🤖 AI Summary
Diffusion language models (dLLMs) face significant challenges in human preference alignment due to the intractability of sequence-level likelihood computation and the high cost of acquiring pairwise preference labels. To address this, we propose the first alignment framework for dLLMs that requires no pairwise annotations: it jointly leverages an ELBO-based approximation of the log-likelihood and a prospect-theory-inspired, unpaired KTO objective, augmented with a gradient variance reduction strategy to ensure training stability. Our method enables end-to-end training on LLaDA-8B-Instruct, achieving adjusted win rates of 65.9% on kto-mix-14k and 62.3% on UltraFeedback-Binary.
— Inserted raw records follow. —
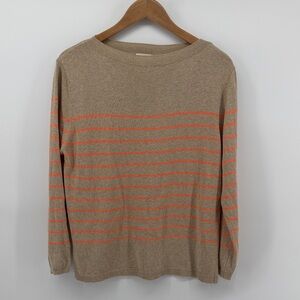 Indi & Cold Striped Sweater in Cream and Orange M A1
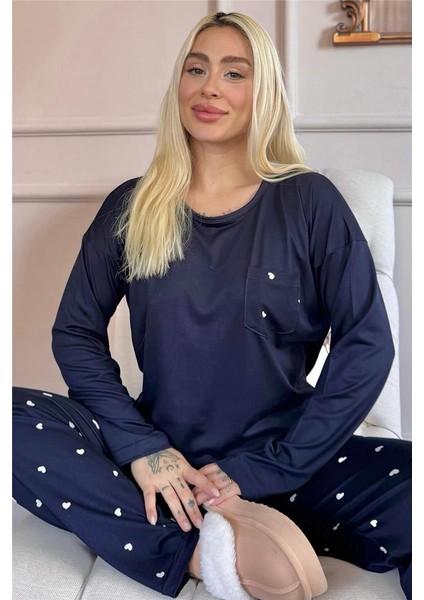 Lacivert Kalp Desenli Bambu Uzun Kol Kadın Pijama Takımı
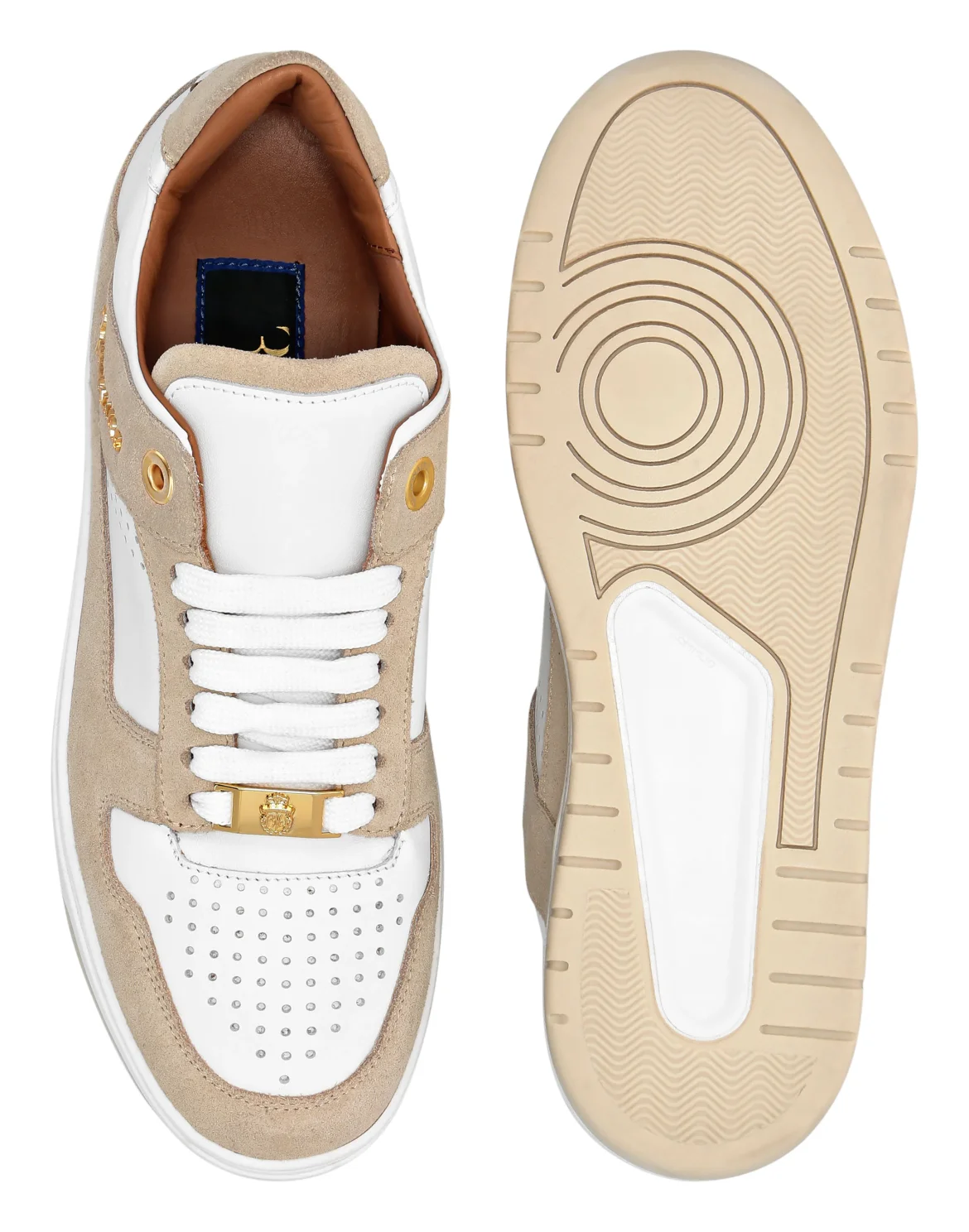 Nappa/Suede Lo-Top Sneakers, цвет: Белый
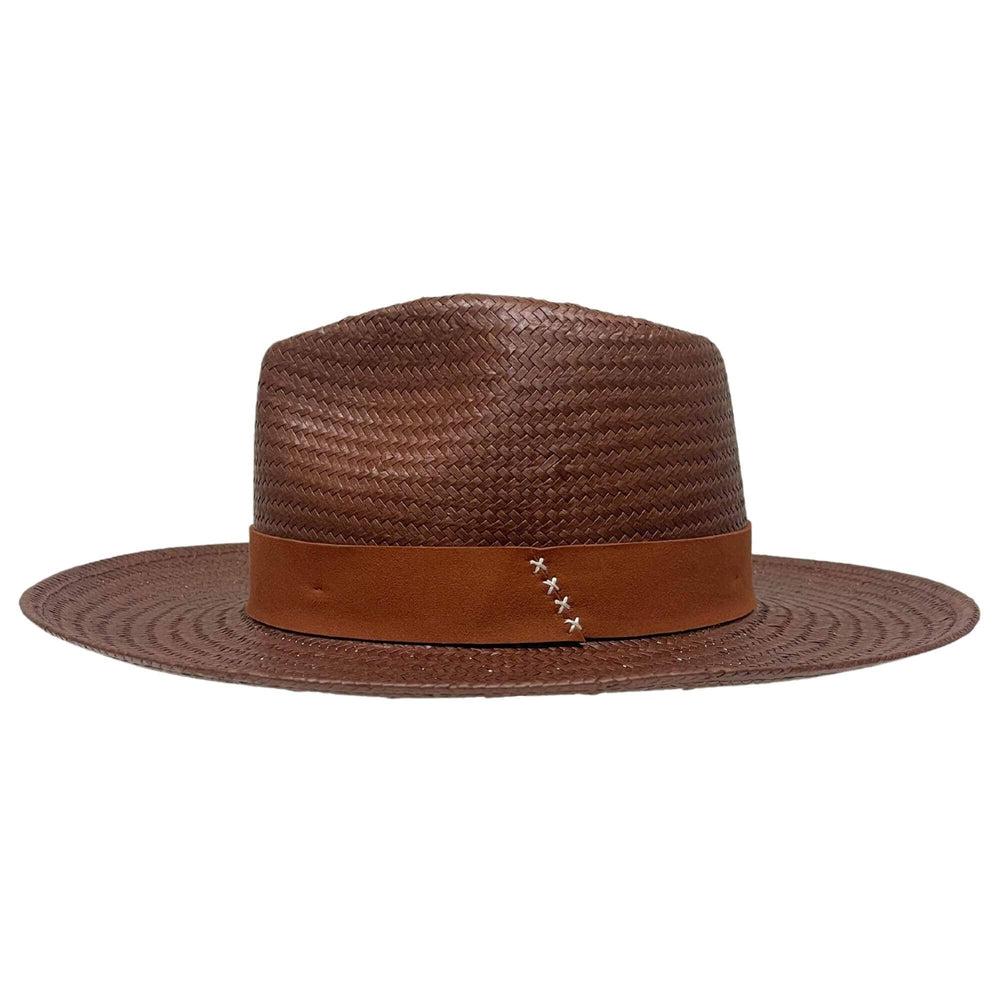A side view of a Dealer Straw Sun Hat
It also matches or exceeds baseline performance on downstream tasks including GSM8K and MMLU. The core contribution is the first unified modeling of ELBO and KTO for dLLMs, establishing a new paradigm that achieves high alignment quality with minimal labeling overhead.
📝 Abstract
Diffusion language models (dLLMs) are an emerging alternative to autoregressive (AR) generators, but aligning them to human preferences is challenging because sequence log-likelihoods are intractable and pairwise preference data are costly to collect. We introduce ELBO-KTO, which combines an ELBO surrogate for diffusion log-likelihoods with a prospect-theoretic, unpaired preference objective (Kahneman Tversky Optimization, KTO). We analyze the bias and variance induced by the ELBO substitution and employ variance-reduction practices that stabilize gradients during training. Applied to LLaDA-8B-Instruct, ELBO-KTO yields extbf{65.9%} and extbf{62.3%} adjusted win rates on kto-mix-14k and UltraFeedback-Binary, respectively, versus the base model under an automatic LLM judge. Across downstream tasks, including GSM8K, MMLU, and additional reasoning/knowledge benchmarks, ELBO-KTO trained on UltraFeedback-Binary performs on par with or better than the base model under identical decoding. This establishes unpaired preference optimization as a viable alternative to pairwise alignment in diffusion LLMs.